Essa resistência cresce na medida
em que, os dirigentes dos atuais sistemas políticos prosseguem na medição de
forças desenfreada, empenhando fortunas e mais fortunas na invenção de
equipamentos para uma guerra que só eles desejam. A militarização dos Estados
tornou-se uma constante nas últimas décadas, na mesma proporção em que
emagrecem nos orçamentos as verbas para programas sociais e investimentos de
consumo público e em que o padrão de vida deteriorou-se a níveis alarmantes.
Os preparativos para o confronto
são cada vez mais acelerados – e até países como o Brasil, que deveria
concentrar suas energias na busca de meios para resgatar uma monstruosa dívida
externa e melhorar a qualidade de vida do seu povo – candidata-se a uma vaga no
famoso “clube da bomba” – um grupo elitista e dominador. As sociedades restam
apenas o direito de esboçar gritos de sobrevivência, evitando ceder ao
pessimismo fatalista de que a sorte da humanidade está deliberada por
antecipação. E cada uma reage como pode – Agora mesmo, num longínquo país,
grupos de moradores reuniram-se e decretaram o suicídio coletivo para quando
estourar a bomba. Como num espetáculo macabro, a comunidade decidiu em votação,
que no dia “D”, antecipando-se aos efeitos da destruição, lançará mão de um
soro letal que provoca menos agonia do que o petardo nuclear.
São, como se vê, tentativa
desesperada que refletem as experiências traumáticas vividas desde agora por
multidões assustadas e desprotegidas em todo o mundo.

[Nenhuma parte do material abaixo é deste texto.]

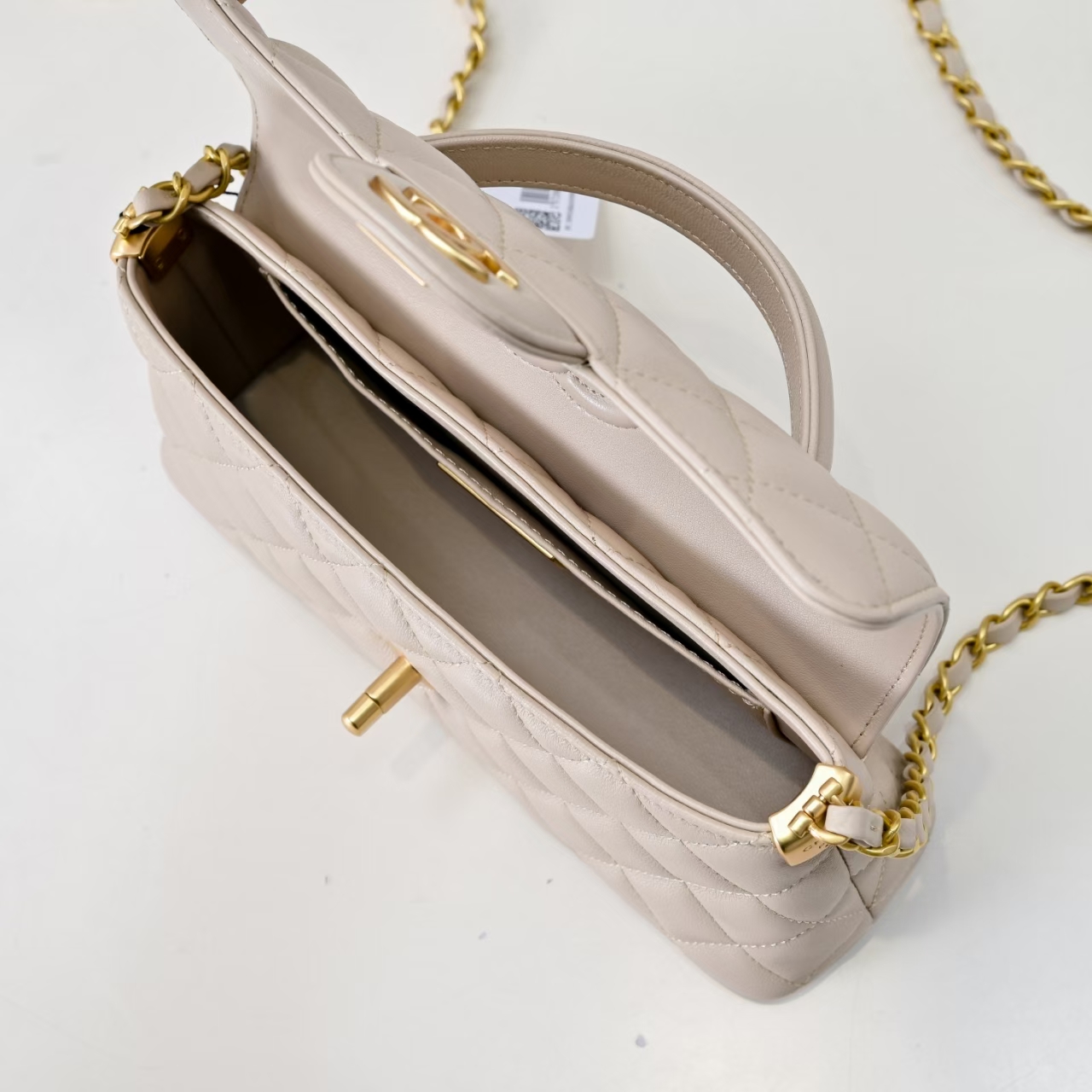 Chanel Basic Bag M-l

Enfim criou-se a
consciência de que só uma mobilização oriunda de uma correte nova de forças
pode garantir a defesa de todos contra os tentáculos da dominação totalitária.

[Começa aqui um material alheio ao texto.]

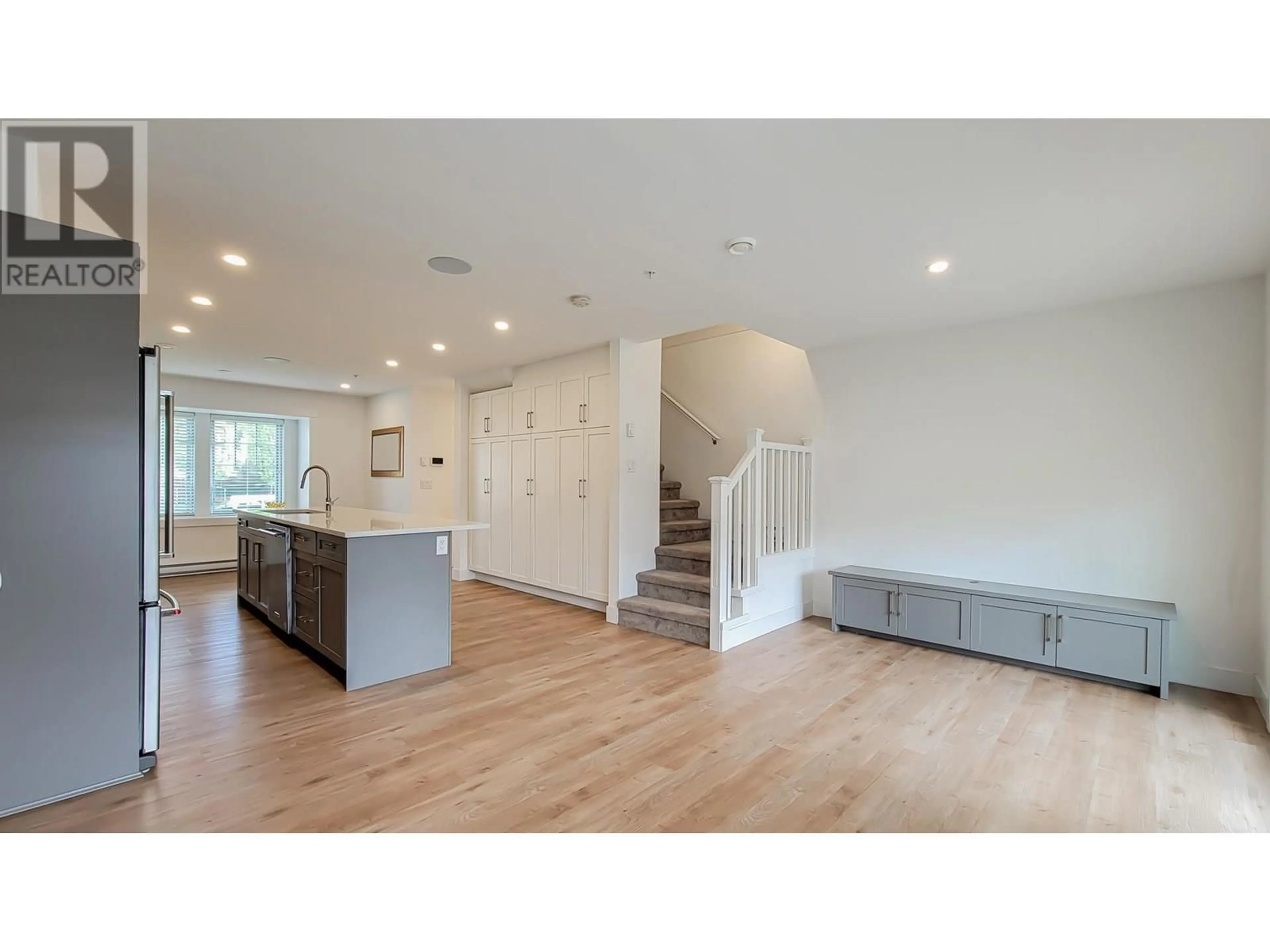 Unknown for 2 - 2338 KELLY AVENUE, Port Coquitlam British Columbia V3C1Y2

Do contrário, virá o caos absoluto.
Mas o natal de 83 convive com
outras imagens dantescas – e mais próximas, entre as quais o espetáculo da
fome, da miséria, do desemprego, como corolário das políticas recessivas
geradas pelo imperialismo econômico. Ou, então, o esmagamento do indivíduo pelo
Estado, provando que as profecias de George Orwell não só eram infundadas como
se materializaram antes da data-limite.
A caricatura do “Grande Irmão”
descrito por Orwell parece estampada na face dos governantes em todo o mundo,
que agem sob formas distintas, mas com motivações idênticas. O Estado, é, hoje,
o grande monstro devorador de indefesas criaturas. E se por um lado a década de
80 marca uma tomada da consciência coletiva sobre a dimensão dos tentáculos do
Poder em relação à massa humana por outro revela quão impotentes são as pessoas
para dominar essa engrenagem.
Não deixa de ser melancólico que
o Natal continue sendo opressor, na medida em que acentua de forma flagrante os
contrastes entre uma minoria iludida, prisioneira do reino da fantasia, e
maioria realista, que, de pés no chão, sente saborearem-se cada vez suas
aspirações dignidade humana. Como se de fato, estivéssemos todos a caminho do
matadouro, da extinção da espécie.
fonte: Jornal A União – 25 de dezembro de 1983.